If it were true. I wonder if it would change any Planck physics programme meaning would there still be need for Loop Quantum Gravity inside the program or would GR and QM be merely subroutines?
 
  • #11
a great panoramic list from Marcus

Personally I'd suggest avoiding Brian Greene books.

I'd say instead that reading anyone authors perspective does not likely give
a complete picture. I included several of his books in my previous summer
reading and found them thought provoking.

Three Roads to Quanum Gravity by Smolin is also a good read and shows some
of the relationships among different approaches.

So how come we don't just assume that minimum resolution of nature is the Planck scale.

For specific approaches, that's fine as Marcus has posted. But as a general rule you don't
want to exclude any possibilities. Here are a few examples of why avoiding actual investigation is unwise:

'Heavier than air flying machines are impossible' (Lord Kelvin)

“High speed travel on trains will be impossible” (over 25 MPH people won’t be able to breath, late 1700’s)

“ We must avert a global catastrophe” (1970’s mantra about the coming ice age.)

'We are probably nearing the limit of all we can know about astronomy' (Simon Newcomb 1888 )

We also do not know if space and time are continuous or discrete... analog or digital. That
seems to a layman like me an interesting question. Also whether information rather than
say mass and energy might be the foundation of our universe. There have been several discussions here regarding that discrete versus continuous issue in these forums and in one paper cited there were hints that there is no difference!...kind of like digital sampling of information where an appropriate sample rate can reproduce all the continuous analog information...
Whatever the outcome, investigating an area of science even when that seems insurmountably difficult has proven over time to bear rich results.
 
  • #12
So how come we don't just assume that minimum resolution of nature is the Planck scale.

I wondered what Wikipedia had to say...some pertinent comments in the first section here:


http://en.wikipedia.org/wiki/Planck_scale

still lots to learn!
 
  • #13
stglyde said:
You think Brian Greene has lost it? In the following it's not verbal imagery or metaphorical presentation.. he was describing our universe may be computer generated as when he wrote in the book "The Hidden Reality"
It's important to keep in mind that pop-sci books such as "The Hidden Reality" were written with the goal of understandability to the lay public in mind. This general understandability comes at the expense of correctness. (For example, pick any lay description of the big bang: the raisin bread analogy, the balloon analogy, inchworm on a rubber band. Each is incorrect to some degree.) The scientific references posted by marcus et. al. were written with the goal of scientific correctness in mind. This correctness comes at the expense of understandability to the general public. Correctness or understandability: Pick one. You can't have both.
 
  • #14
Even without going to Planck scale. I think the search for physics of wave functions of the metric is a separate thing, isn't it? Or how to quantize the metric.. this is not related to Planck scale, right?
 
  • #15
marcus said:
Personally I'd suggest avoiding Brian Greene books. Over the years too often I see people show up here with misconceptions from the Greene kind of poetry---highly skilled verbal imagery and metaphorical presentation that gives the illusion of understanding. But you have to suit yourself. If you're math-inclined you have more options. If not, I don't know what to suggest.

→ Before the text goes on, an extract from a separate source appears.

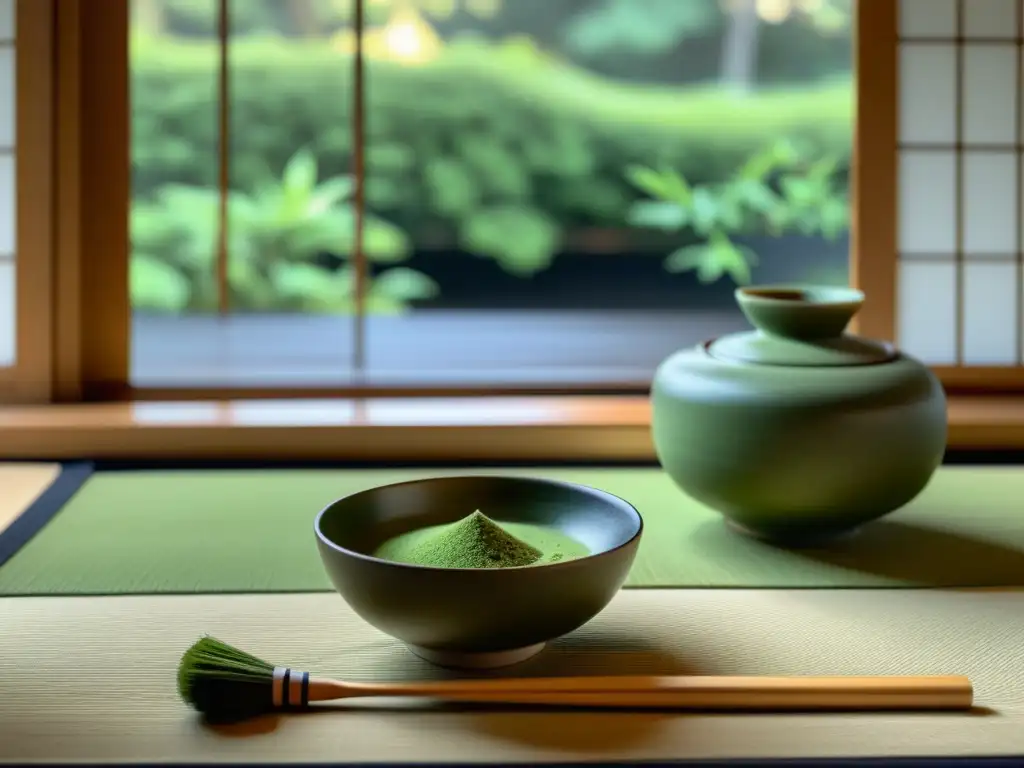 Una ceremonia del té japonesa con detalles en 8k, resaltando la serenidad y la belleza del matcha orgánico beneficios antioxidantes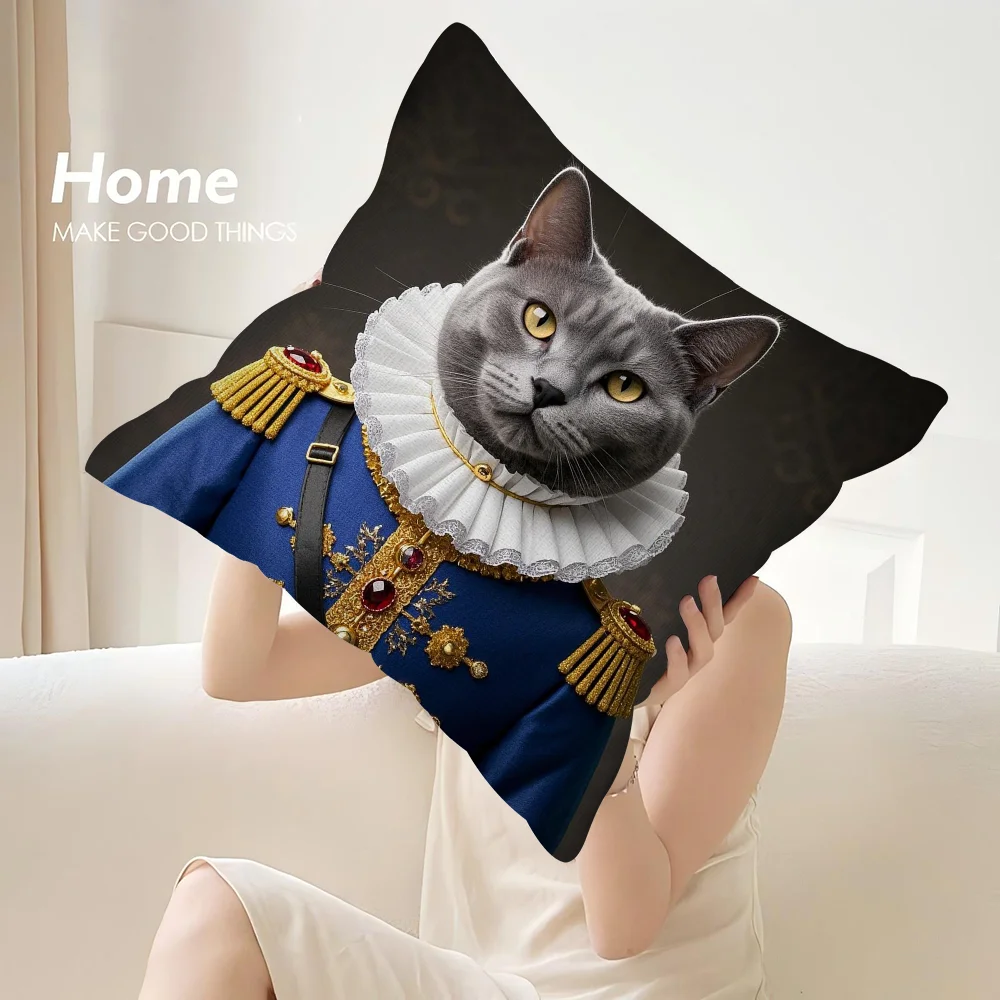 Russian Blue cat Pillow Case Sofa Decorative Home Double-sided Print Plush Square Throw Pillow Covers Cushion Decor Cover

There are several alternatives to Loop and String however:

Asymptotic Safe QG is one possibility. (Steven Weinberg's idea now much expanded by Reuter Percacci and friends)

Triangulations QG is another (see Renate Loll's SciAm I told you about, link in my sig)

Simplicial QG approach (a team of young researchers led by Bianca Dittrich)

A new thing called Shape Dynamics (see papers by Gomes and Koslowski)

There are several approaches to gravity inspired by condensed matter physics (see e.g. X.G. Wen's papers, and a recent one by Liberati Finazzi Sidoni).

Group Field Theory (Oriti and co-workers)

The quantization of Cartan's GR (new papers by Derek Wise and Steffen Gielen)

Erik Verlinde's entropic gravity (2009 not so much lately)

Petr Horava's anisotropic gravity (2009 not so much lately)

Verlinde and Horava were formerly prominent string theorists. Their alternative non-string QG approaches got a lot of attention a couple of years ago but not so much now.

This is not a complete list! Just some alternatives to Loop and String that I happened to think of prompted by your question. There are many ways up the mountain to QG, and several separate parties of climbers making progress towards the summit.

Marcus,

In one of the quantum gravity books. It is mentioned that there are 4 roads to quantum gravity:

1. quantising General Relativity
2. quantising a different classical theory, while still having general relativity emerge as a low- energy (large-distance) limit.
3. having general relativity emerge as a low-energy limit of a quantum theory that is not a quantization of a classical theory
4. having both general relativity and quantum theory emerge from a theory very different from both

You have listings of many Quantum gravity models above. Are they part of the above or are they new additions? How do you sort or categorize each based on the above classifications?

I'm interested in 4. What models have you come across that is about both general relativity and quantum theory emerge from a theory very different from both, and which of them is your favorite, and why?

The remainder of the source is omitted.